- SUPPLIED INFORMATION
══════════════════════════════

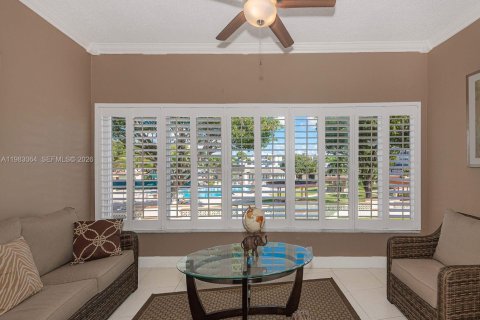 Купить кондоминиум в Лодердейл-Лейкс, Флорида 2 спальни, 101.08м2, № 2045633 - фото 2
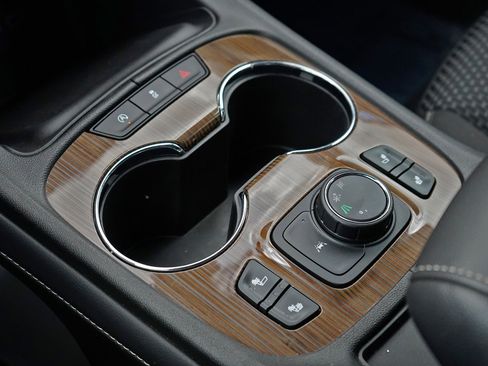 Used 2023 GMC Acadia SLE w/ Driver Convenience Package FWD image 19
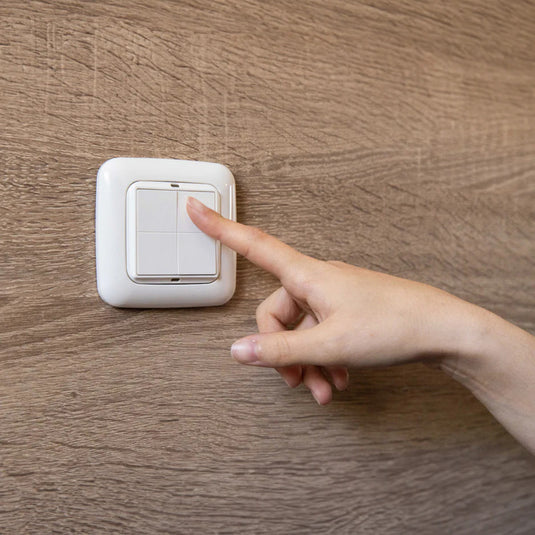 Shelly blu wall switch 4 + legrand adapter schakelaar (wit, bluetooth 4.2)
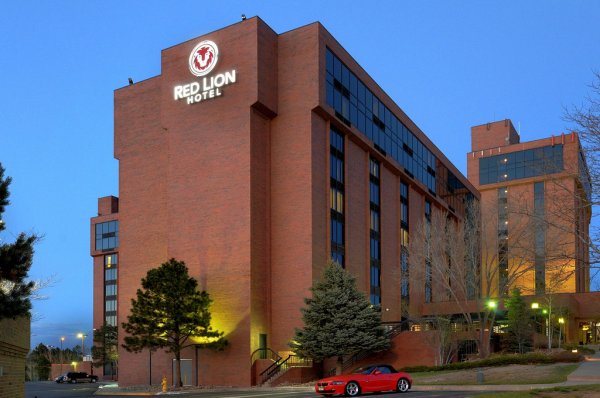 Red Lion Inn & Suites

══════════════════════════════

- WORK REQUIRED
Since the pictures are not part of the copy, transcribe only the remaining material, exactly.

- ANSWER BELOW
 Купить кондоминиум в Лодердейл-Лейкс, Флорида 2 спальни, 101.08м2, № 2045633 - фото 2
 Used 2023 GMC Acadia SLE w/ Driver Convenience Package FWD image 19
 Shelly blu wall switch 4 + legrand adapter schakelaar (wit, bluetooth 4.2)
 Red Lion Inn & Suites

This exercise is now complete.